El “medio futbolístico” siempre fue muy cruel con Manuel Pellegrini. En los años 70, cuando la U transitaba en la mediocridad dolorosa de la era post Ballet Azul, que un rubio alto, de apellido italiano y estudios completos de ingeniería fuera el central titular del equipo era incomprensible. Lo bautizaron como “El Gomero”, porque era elegante, distinguido y servía como adorno. Luego, tras un par de errores no forzados en partidos clave, le cayó el injusto mote de “Peligrosini”.
Cuando junto a Arturo Salah, Jorge Socías, Alberto Quintano, Hugo Carballo y otros próceres azules se hicieron cargo de administrar el último tramo de la carrera de un descarrilado Fernando Riera, formaron un grupo cerrado que pretendió hacerse cargo del legado del Tata. Vino entonces la etiqueta de “Los Patricios”.
Materializar esa enseñanza significó ponerse al frente de los cursos para formar entrenadores, donde ganaron seguidores y también detractores. Uno de ellos, Eduardo Bonvallet, dolido por el trato, se encargó del último mote: el piloto de la Lufthansa, para dejar en claro que la pinta seguía siendo un tema en la siempre prejuiciosa familia del fútbol.
Pellegrini descendió a la Universidad de Chile en su primera incursión como técnico, ganándose nuevos y enconados detractores. Y junto a Arturo Salah tomaron la Selección Chilena el ’91 recorriendo un sendero distinto -en muchos sentidos- al de Mirko Jozic, flamante campeón de la Libertadores. La aventura con La Roja terminó mal en la Copa del ’93, y pudo ser ese el fin del camino.
El golpe más bajo se los propinó su principal aliado por esos años, Abel Alonso, quien junto a René Reyes crearon e impulsaron el INAF, un centro de formación técnica para el que se eliminaba el principal requisito que ambos defendían: tener camarín, haber sido futbolista profesional para aspirar a un cartón.
Pellegrini, tras su paso por O’Higgins y Palestino, comprendió que debía dar el gran salto de su vida. Dejar la familia, la carrera, los afectos y su grupo de pertenencia para ser campeón, primero en Ecuador y luego en Argentina.
El divorcio definitivo de Pellegrini con nosotros, la gran familia del fútbol chileno, le valió un recorrido que tuvo tantos éxitos como malos ratos. Construyó un concepto en Villarreal, sufrió en el Real Madrid; transformó el Málaga del jeque, tropezó con el West Ham del magnate porno; se arriesgó con el Manchester City, pero se perdió en China. Hasta que recaló en Sevilla y encontró en el Betis su nuevo lugar en el mundo, no sin antes escorarse peligrosamente.

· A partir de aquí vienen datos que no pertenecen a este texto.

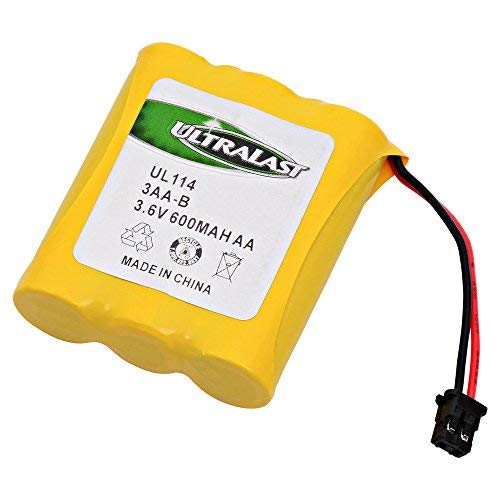 Rayovac RAY5 Cordless Phone Battery Ni-CD 3AA w/Mitsumi, 3.6 Volt, 800 mAh - Ultra Hi-Capacity - Replacement for GE TL-96560, Cobra, Panasonic HHR-P505, P-P501, Sharp, Sony, Uniden BT-905 Rechargeable Battery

Manuel Pellegrini tiene un valor que estaremos obligados a reconocer eternamente: jamás guardó rencor. Ni a las críticas ni a las odiosidades. Deberíamos envidiarle la calma, la paciencia, el encanto para construir proyectos millonarios. El ojo para elegir, por ejemplo, a Antony en su momento más duro en el Betis. O la hidalguía para marcharse campeón del City que le tendía la alfombra roja a Guardiola. La capacidad para nunca enredarse con Mourinho, para no casarse con lealtades, para forjar un grupo impenetrable o, sencillamente, para jamás mirar atrás, donde quedaban los apodos, los prejuicios, las sospechas.
Pellegrini dedicó su vida a perseguir lo que quería, postergando afectos, familia, profesión, raíces, allí donde muchos no habríamos sido capaces de hacerlo. Y eso, ahora se sabe, es mucho más que un adorno.